[Task details] Please return the lines below verbatim, beginning at the one that has "Slit Neckline Strapless Sweater" and stopping after the one that has "Sillar Placa para", and add no other lines.

--------

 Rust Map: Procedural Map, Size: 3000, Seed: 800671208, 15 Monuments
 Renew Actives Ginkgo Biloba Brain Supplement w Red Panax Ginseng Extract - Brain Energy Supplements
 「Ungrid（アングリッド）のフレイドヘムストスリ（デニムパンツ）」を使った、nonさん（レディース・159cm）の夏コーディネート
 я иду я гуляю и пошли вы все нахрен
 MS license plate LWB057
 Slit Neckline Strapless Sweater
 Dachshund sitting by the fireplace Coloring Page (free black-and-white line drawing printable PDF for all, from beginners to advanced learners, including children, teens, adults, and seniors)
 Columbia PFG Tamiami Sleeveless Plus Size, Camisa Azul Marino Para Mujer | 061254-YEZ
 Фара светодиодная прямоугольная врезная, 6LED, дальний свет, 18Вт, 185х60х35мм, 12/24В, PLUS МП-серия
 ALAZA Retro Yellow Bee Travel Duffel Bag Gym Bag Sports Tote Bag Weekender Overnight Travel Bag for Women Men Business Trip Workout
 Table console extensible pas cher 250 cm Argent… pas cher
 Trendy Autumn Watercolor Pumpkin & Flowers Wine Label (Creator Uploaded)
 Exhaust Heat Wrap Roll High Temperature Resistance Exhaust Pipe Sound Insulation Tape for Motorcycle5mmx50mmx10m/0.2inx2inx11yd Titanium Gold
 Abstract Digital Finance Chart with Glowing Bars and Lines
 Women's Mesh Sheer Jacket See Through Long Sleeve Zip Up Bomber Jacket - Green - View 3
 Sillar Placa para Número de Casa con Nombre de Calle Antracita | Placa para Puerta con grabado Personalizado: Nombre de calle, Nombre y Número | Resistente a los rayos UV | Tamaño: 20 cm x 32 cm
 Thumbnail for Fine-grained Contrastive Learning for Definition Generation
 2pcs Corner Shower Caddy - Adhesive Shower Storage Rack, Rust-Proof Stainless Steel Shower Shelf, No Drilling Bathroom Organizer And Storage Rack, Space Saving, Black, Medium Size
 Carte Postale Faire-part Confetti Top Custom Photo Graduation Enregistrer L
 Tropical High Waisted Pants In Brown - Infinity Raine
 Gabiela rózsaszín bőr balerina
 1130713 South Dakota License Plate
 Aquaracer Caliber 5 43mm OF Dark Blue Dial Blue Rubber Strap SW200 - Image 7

--------

[Response]
 Slit Neckline Strapless Sweater
 Dachshund sitting by the fireplace Coloring Page (free black-and-white line drawing printable PDF for all, from beginners to advanced learners, including children, teens, adults, and seniors)
 Columbia PFG Tamiami Sleeveless Plus Size, Camisa Azul Marino Para Mujer | 061254-YEZ
 Фара светодиодная прямоугольная врезная, 6LED, дальний свет, 18Вт, 185х60х35мм, 12/24В, PLUS МП-серия
 ALAZA Retro Yellow Bee Travel Duffel Bag Gym Bag Sports Tote Bag Weekender Overnight Travel Bag for Women Men Business Trip Workout
 Table console extensible pas cher 250 cm Argent… pas cher
 Trendy Autumn Watercolor Pumpkin & Flowers Wine Label (Creator Uploaded)
 Exhaust Heat Wrap Roll High Temperature Resistance Exhaust Pipe Sound Insulation Tape for Motorcycle5mmx50mmx10m/0.2inx2inx11yd Titanium Gold
 Abstract Digital Finance Chart with Glowing Bars and Lines
 Women's Mesh Sheer Jacket See Through Long Sleeve Zip Up Bomber Jacket - Green - View 3
 Sillar Placa para Número de Casa con Nombre de Calle Antracita | Placa para Puerta con grabado Personalizado: Nombre de calle, Nombre y Número | Resistente a los rayos UV | Tamaño: 20 cm x 32 cm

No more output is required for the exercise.